Disclaimer: I do not own Sherlock and make no money from this.
The Boredom of Mycroft Holmes
John sighed. Once again Sherlock was being irritating and withholding evidence so of course Lestrade ordered another drugs bust to attempt to 'bully' Sherlock into behaving or, failing that, to attempt to find the missing evidence himself. This was quite a tall order as the DI had no idea what he was looking for and finding anything in 221B Baker Street was practically impossible unless you happened to be one Sherlock Holmes. Unfortunately said detective was being decidedly unhelpful at the moment.
John sighed again but the irritated huff was ignored, drowned out by the cacophony of sound permeating the flat. He was feeling quite justifiably annoyed by the proceedings what with Lestrade's FAKE drugs-bust team messing up his home so it looked less like an ordered mess but more like a warzone- and believe me he knew what a battlefield looked like- not to mention Sherlock's furious insulting of Anderson's IQ and the INFURIATING and CONSTANT racket Sherlock tortured out of his violin. Dr Watson had had a long day at the surgery so, quite understandably, he snapped.
"WILL YOU ALL SHUT UP!?"
There was a shocked silence.
"Thank you" John said in a much more reasonable tone "Now Anderson, put that down…no it is not Sherlock's…"

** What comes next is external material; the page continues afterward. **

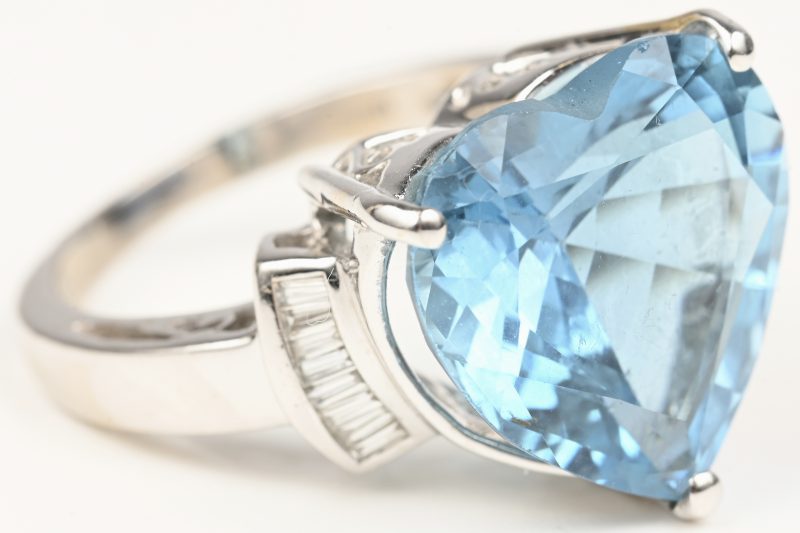 Een 18 kt witgouden ring bezet met een hartvormige blauwe topaas van +- 11,07 ct. en diamand baguetten met een gezamenlijk gewicht van +- 0,24 ct. Mer certificaat.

"Use your eyes, you blithering cretin, are my initials JW? Good boy, now sit quiet and stop thinking; you know that you lower the IQ of the whole city just by existing so let's not allow this disease to spread any further."
"…Thank you Sherlock. I am sure there was no need for that rather cruel comparison of Anderson to a pathogen but it is the thought that counts…I think?"
Over the top of Sherlock's mutterings that it was an insult to pathogens everywhere, John politely enquired what the police were doing in his flat, messing up his things and the rather hysterical undercurrent to his tone made the police give pause.
A wail like a dying cat tore through the strained silence and they all jumped violently before glaring at the skinny player. It sparked another round of shouting and it was due to this uproar that nobody heard the door opening or the swift, rather heavy footsteps on the stairs. Thus they were all rather surprised when a tall, plump man in a grey three piece suit and with a dark black umbrella stormed into the room and threw himself on the sofa beside the shocked violinist.
"I. Am. SOOOOOOOOOOOOOOOO BORED!"
Mycroft Holmes was not his usual unruffled self; in fact he looked rather dishevelled; as if he had not eaten in days nor slept in even longer, however there was a rather disturbing and manic glint in his eyes. John recognised that look, his Holmes wore it often and it meant: entertain me or I shall start blowing holes in the wall! The problem was, if he was bored, that Mycroft could probably start WWIII or something equally drastic. And that would be a bit Not Good.
A/N, sorry it's a bit short but I totally lost inspiration and finally decied to post it.